Mesothelioma has a long incubation period before its symptoms start to show (ten to 50 years), and even low-dose, incidental exposures to asbestos are sufficient to cause the cancer. Thus, the prolific exposures of the past are leading to an epidemic of disease today. Minnesota Congressman Bruce Vento worked near an asbestos-insulated boiler in a Minneapolis brewery for two summers while putting himself through college. In October 2000, he was diagnosed with mesothelioma, and died just ten months later.

According to the most recent data released by the Centers for Disease Control and Prevention, in 2004, approximately2,700 Americans died from mesothelioma, and incidence still has not peaked.

Millions more Americans are being put at risk today, because of all of the asbestos that remains present in occupational settings; in buildings such as homes, offices and schools; and in a wide variety of products. Just one product, an insulation contaminated with a very dangerous form of asbestos, is estimated by the EPA to be in 30 million U.S.homes.

The EPA estimates that there are asbestos containing materials in most of the nation's approximately 107,000 primary and secondary schools and 733,000 public and commercial buildings. According to the US Department of Labor’s Occupational Safety and Health Administration (OSHA), an “estimated 1.3 million employees in construction and general industry face significant asbestos exposure on the job.” The utility tunnels under our nation’s Capitol have hazardous levels of asbestos, and demonstrate just how pervasive the problem is.
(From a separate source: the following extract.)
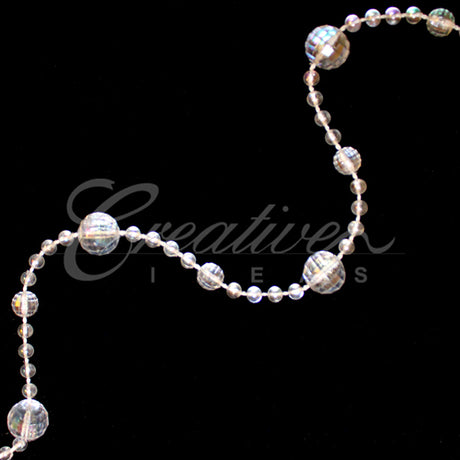 Multi Size Round Beads String-5 Yds (Iridescent)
In fact, asbestos still has not been banned. Every year, the hazards of asbestos increases as more of the carcinogen is introduced into our environment. Asbestos is still used in roofing and other building materials, and in many consumer products including vehicle brakes. As a result, everyday occurrences like going to work, simple remodeling projects, or the normal wear of roofing materials, tiles or brakes on a family vehicle are exposing Americans to the hazardous risk of mesothelioma.

Needed: A National Commitment to a Cure

Mesothelioma was identified in medical literature by the late 1940’s. However, for decades the need for research to develop effective treatments for mesothelioma patients was ignored, obscured by the legal, economic and political aspects of asbestos.

The National Cancer Institute’s annual investment in clinical mesothelioma research has been, on a per death basis, only a fraction of its investment in other cancers. For years,despite the disproportionate toll of the disease on Navy veterans and shipyard workers,the Department of Defense did not apply any of its vast biomedical research resources to mesothelioma.

As a result of the Meso Foundation’s advocacy efforts, in 2008mesothelioma investigators are for the first time eligible to compete for Department of Defense Peer Reviewed Medical Research Grant funding. No mesothelioma grants have yet been awarded, however, this has led to advancements in the treatment of mesothelioma lagging far behind those of other cancers. According to the National Institutes of Health, the median survival of mesothelioma patients is only 14 months, with most patients dying within two years.

But there is hope. Since 1999, the Mesothelioma Applied Research Foundation has awarded over $5 million to spur mesothelioma research forward. Researchers are gaining valuable understandings of the tumor and potential treatment targets, and new clinical trials are opening. The field is ripe for federal partnership. Federal investment in the research needed to develop earlier detection and more effective treatment is essential to provide hope to the thousands of Americans who will become sick as a result of asbestos exposures that have already occurred or that will inevitably occur given the virtual ubiquity of asbestos in our environment.

The proliferation of asbestos cancer or asbestos-disease must be stopped. Over 40 developed and industrialized countries have already banned asbestos; the United States should also protect its citizens by enacting an immediate asbestos ban.